Flood frequency likely to increase as climate change worsens: IPCC report
The United Nations-convened Intergovernmental Panel on Climate Change (IPCC) has flagged Australia faces more floods in the future unless it makes more efforts to reverse man-made carbon emissions sharply.
Released last week, the IPCC report’s chapter on Australasia says the current 1-in-100-year flood in Australia could occur several times a year because of climate change.
The warning from IPCC comes as Queensland and NSW battle severe flooding, which S&P Global Ratings has predicted could be a $2 billion event for the insurance industry.
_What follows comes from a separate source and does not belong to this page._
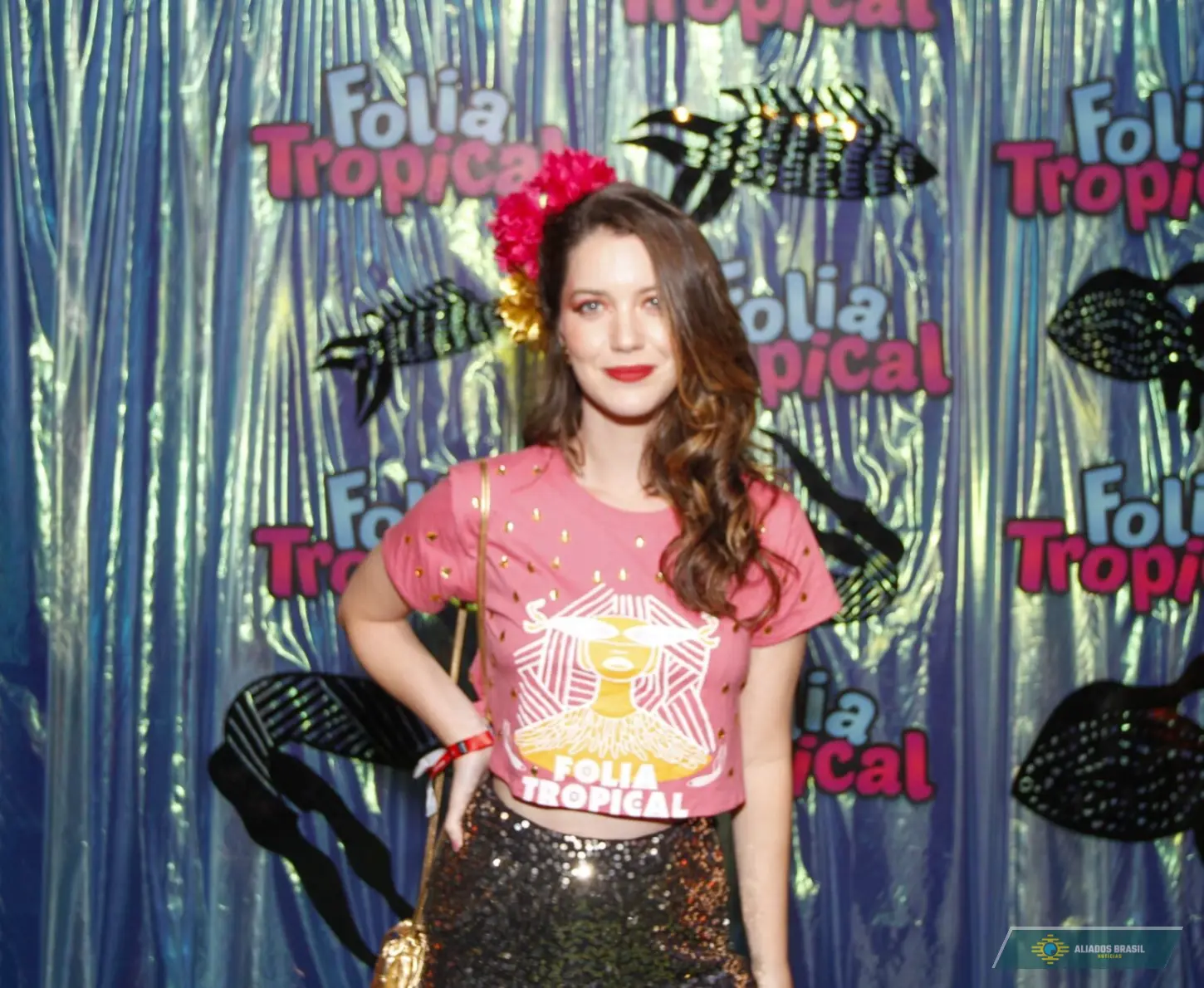 Após afirmar que perdeu trabalhos por apoiar Lula, Nathalia Dill se recusa a comentar desfile em homenagem ao petista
The IPCC report says three major floods hit eastern Australia from 2019 to last year.
In relation to finance, the report says with high confidence the finance sector including insurance has significant exposure to climate variability and extreme events, and that it will possibly get worse in the coming years.
Risks for the finance sector, including for insurance providers, are projected to increase, the report says.
“The core thing is that the climate risks which Australia is exposed to are likely to increase significantly… particularly looking at extreme events of different types that often are insurable,” IPCC Vice Chair Mark Howden said.
Professor Howden, who is also Director of the Climate Change Institute at the Australian National University, says there’s been “a lot more change” since the IPPC released its Fifth Assessment report in 2014.
“We’ve always had the risk of bad storms, east coast lows… but climate change is just making that risk worse,” Professor Howden told insuranceNEWS.com.au.
The floods now inundating Queensland and NSW are an example of how climate change is “embedded” in extreme weather events, he said.
Last week’s Working Group II report is the second instalment of the IPCC’s Sixth Assessment Report, which will be completed this year and it comes eight years after the last report.